Provided material Block Start
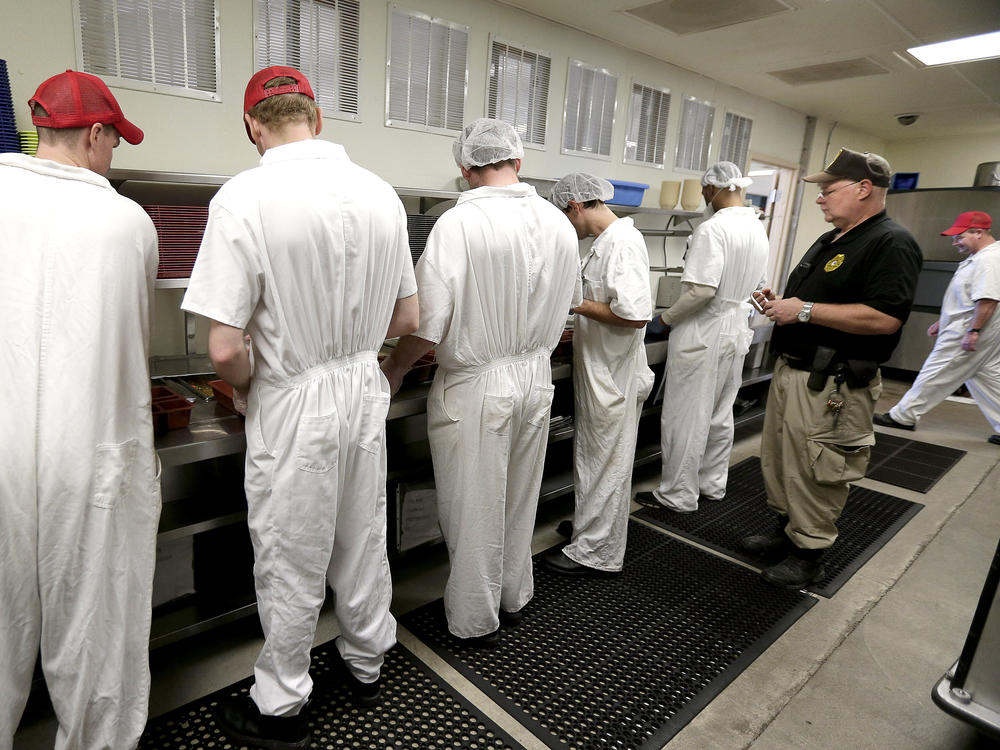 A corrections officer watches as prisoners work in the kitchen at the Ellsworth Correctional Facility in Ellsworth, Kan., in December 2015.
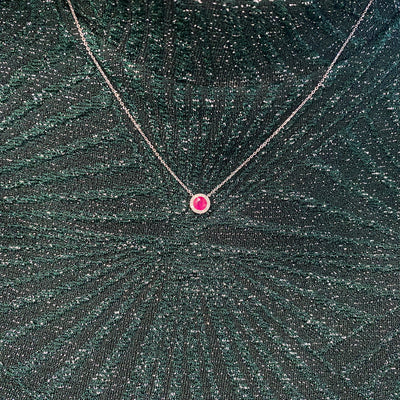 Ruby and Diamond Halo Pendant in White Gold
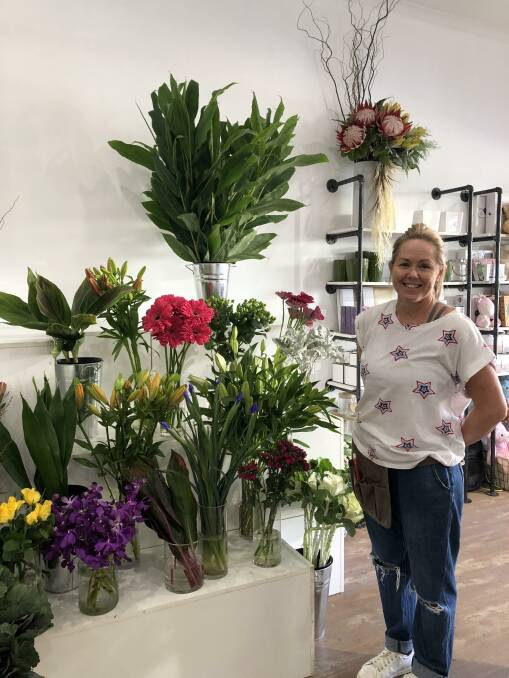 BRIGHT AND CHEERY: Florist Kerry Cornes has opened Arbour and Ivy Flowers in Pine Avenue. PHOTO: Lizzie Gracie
Provided material Block End
Provided material Block Start
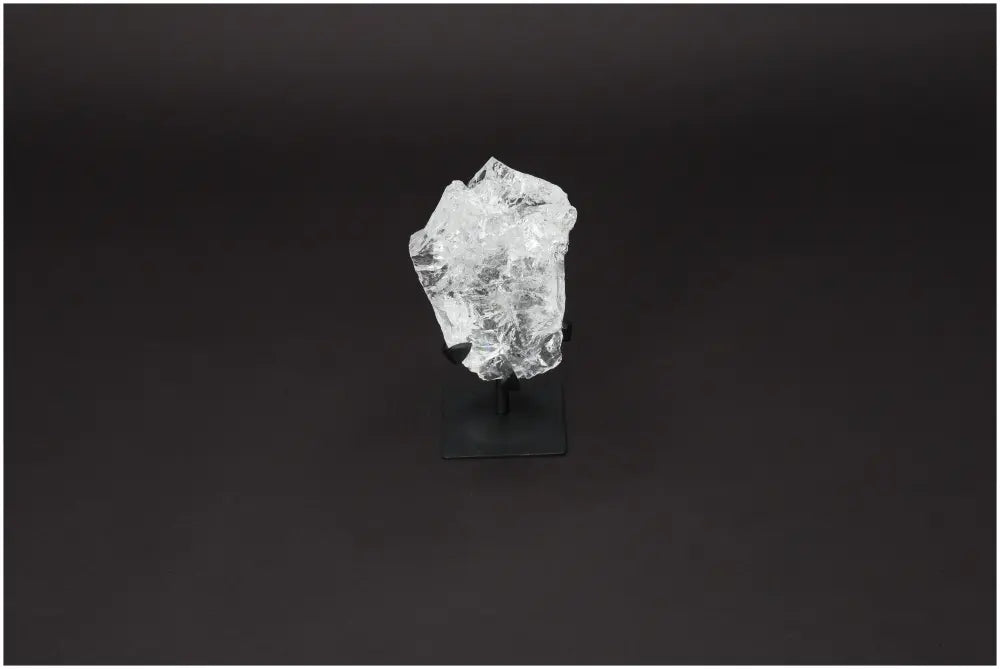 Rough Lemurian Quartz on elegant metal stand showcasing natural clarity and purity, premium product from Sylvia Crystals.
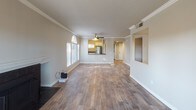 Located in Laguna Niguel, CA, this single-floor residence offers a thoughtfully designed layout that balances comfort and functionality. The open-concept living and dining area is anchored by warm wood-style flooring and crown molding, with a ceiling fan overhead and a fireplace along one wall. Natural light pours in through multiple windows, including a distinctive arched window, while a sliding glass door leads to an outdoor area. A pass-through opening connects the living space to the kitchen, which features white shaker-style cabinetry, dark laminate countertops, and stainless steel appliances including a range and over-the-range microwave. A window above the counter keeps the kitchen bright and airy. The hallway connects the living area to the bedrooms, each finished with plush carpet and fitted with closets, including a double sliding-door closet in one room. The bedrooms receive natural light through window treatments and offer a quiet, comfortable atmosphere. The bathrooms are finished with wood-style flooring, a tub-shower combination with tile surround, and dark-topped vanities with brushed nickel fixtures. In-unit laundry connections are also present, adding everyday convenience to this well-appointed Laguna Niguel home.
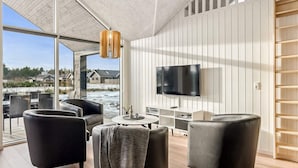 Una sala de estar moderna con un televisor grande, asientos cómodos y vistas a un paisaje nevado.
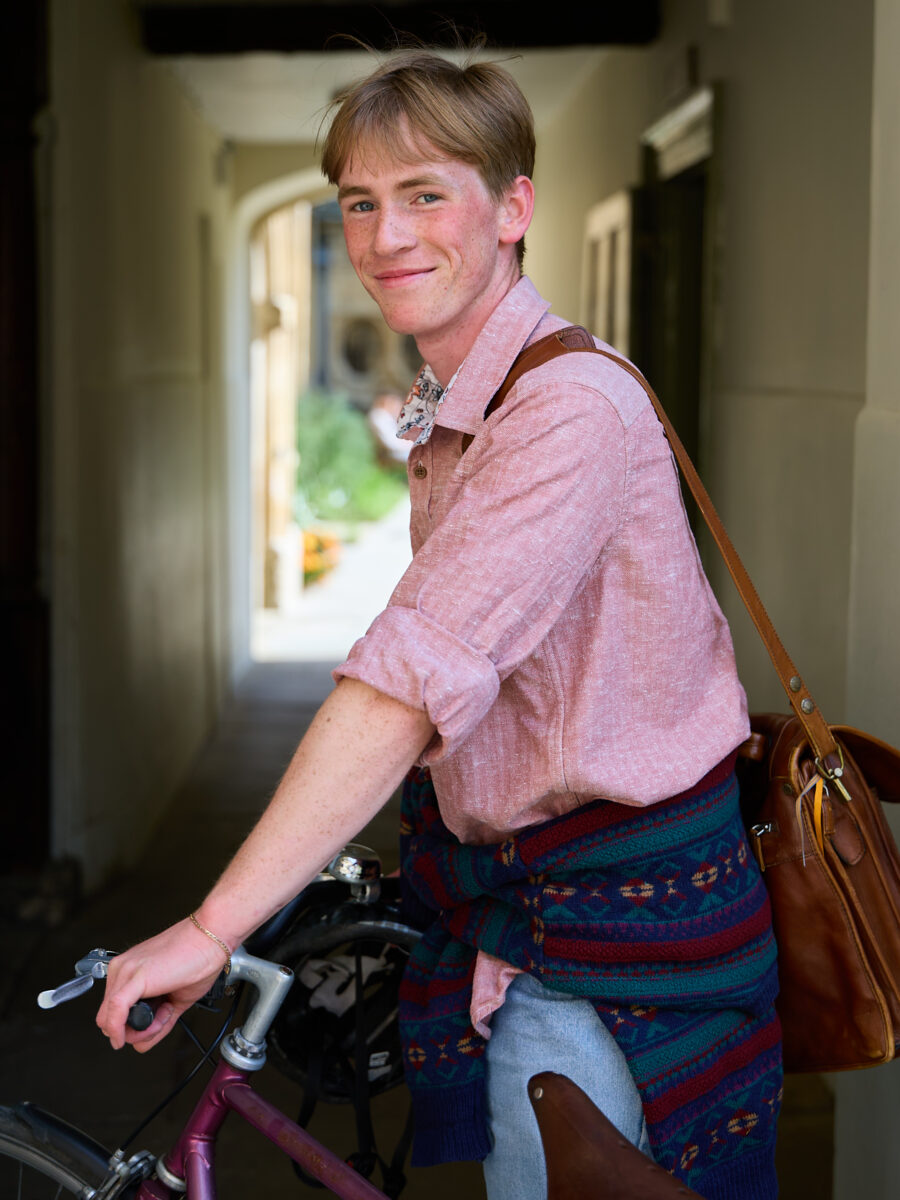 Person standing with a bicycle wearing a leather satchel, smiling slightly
Provided material Block End
Provided material Block Start
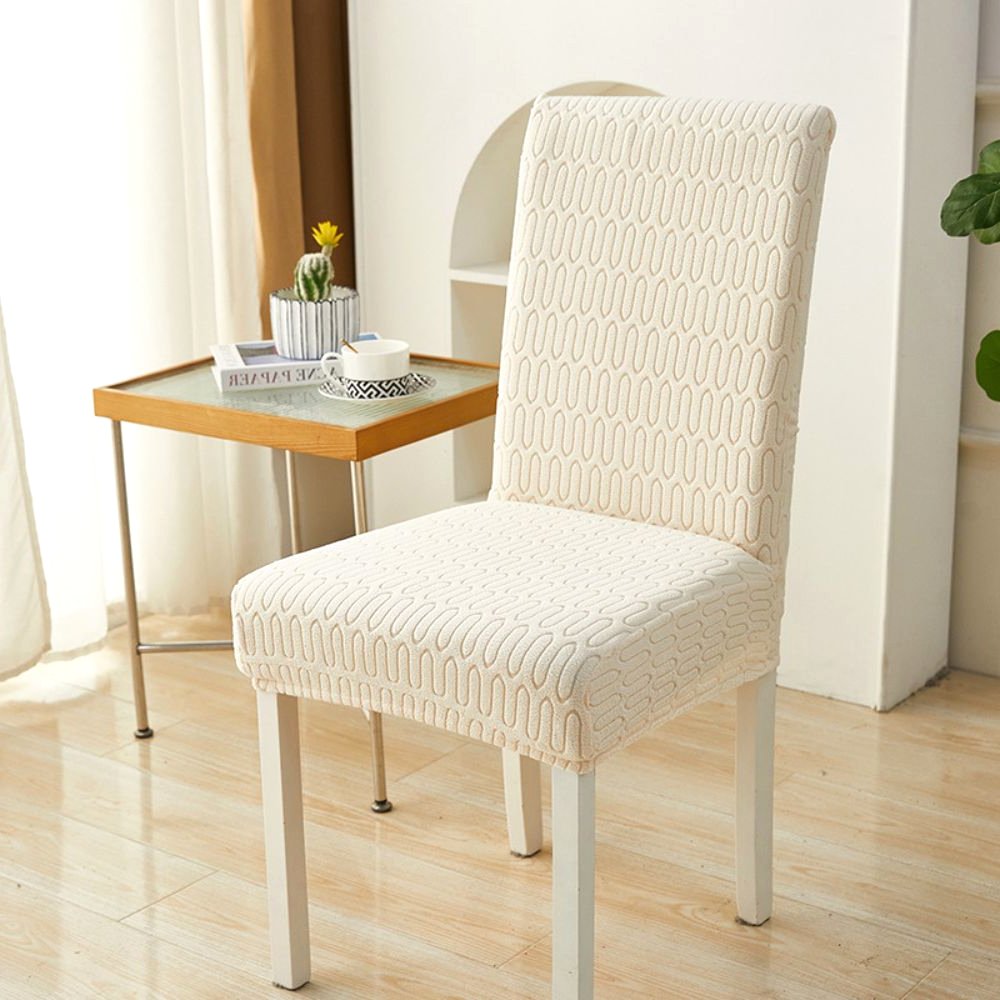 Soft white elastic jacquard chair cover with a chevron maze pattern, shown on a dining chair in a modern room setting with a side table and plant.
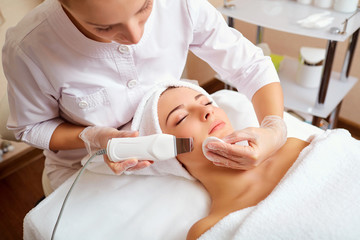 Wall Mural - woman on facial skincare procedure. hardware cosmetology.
Provided material Block End
> What to produce
Go back to the listing above and reproduce, exactly, the stretch from the line bearing "Ruby and Diamond Halo Pendant in White Gold" through the line bearing "BRIGHT AND CHEERY: Florist", without its pictures.

> Exercise output
 Ruby and Diamond Halo Pendant in White Gold
 BRIGHT AND CHEERY: Florist Kerry Cornes has opened Arbour and Ivy Flowers in Pine Avenue. PHOTO: Lizzie Gracie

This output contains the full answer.